Pandangan ini menjadi acuan utama di Indonesia, mengingat mayoritas muslim di Tanah Air mengikuti mazhab Syafi’i. Karenanya, masyarakat Indonesia umumnya menilai penggunaan sepatu kulit babi tetap najis meski telah melalui proses penyamakan.
 
Penegasan dari MUI
Lembaga Pengkajian Pangan, Obat-obatan, dan Kosmetika Majelis Ulama Indonesia (LPPOM MUI) juga memberikan penegasan serupa. Direktur Utama LPPOM MUI, Muti Arintawati, menyatakan bahwa produk berbahan kulit babi hukumnya haram digunakan oleh muslim.
 
Proses penyamakan maupun pengolahan tidak mengubah status keharamannya.
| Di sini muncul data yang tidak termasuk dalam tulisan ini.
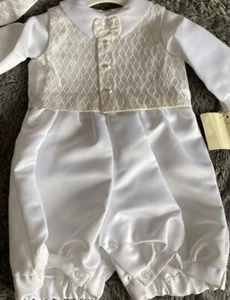 #71) Was£64 Baby Boys White & Ivory Romper, Waistcoat 12-18Mths Pixie kitten - Picture 1 of 11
Oleh karena itu, produk yang menggunakan bahan kulit babi wajib mencantumkan keterangan jelas dalam labelnya.
 
Hal ini juga sesuai dengan amanat Undang-Undang Jaminan Produk Halal (UU JPH), yang mewajibkan barang gunaan mencantumkan sertifikat halal atau informasi mengenai bahan yang digunakan.
 
Realitas di Pasar
Di pasaran, sepatu kulit babi dikenal memiliki tekstur lembut, fleksibel, serta daya tahan yang cukup baik. Meski demikian, bagi umat Islam, aspek kualitas bahan tidak bisa mengalahkan ketentuan syariat.
 
Kesadaran masyarakat tentang pentingnya produk halal kini semakin meluas. Tidak hanya pada makanan dan minuman, melainkan juga pada barang-barang gunaan, termasuk sepatu, tas, hingga aksesori.
 
Hal ini menunjukkan bahwa konsep halal bukan hanya soal konsumsi, tetapi juga gaya hidup. Sebagian orang mungkin menganggap penggunaan sepatu kulit babi sekadar urusan praktis.
 
Namun, dalam perspektif agama, menjaga kesucian pakaian dan barang yang dipakai tetap penting, terutama karena seorang muslim diwajibkan menjaga kesucian ketika beribadah, misalnya saat menunaikan salat.
 
Berdasarkan berbagai pandangan ulama dan fatwa resmi MUI, dapat disimpulkan bahwa hukum menggunakan sepatu kulit babi bagi muslim adalah haram. Pandangan ini sejalan dengan mazhab Syafi’i yang dianut mayoritas muslim Indonesia, dan menjadi pedoman utama dalam kehidupan sehari-hari.
 
Dengan demikian, meskipun sepatu kulit babi memiliki kualitas tertentu, umat Islam dianjurkan untuk menghindarinya demi menjaga kesucian ibadah dan mematuhi syariat.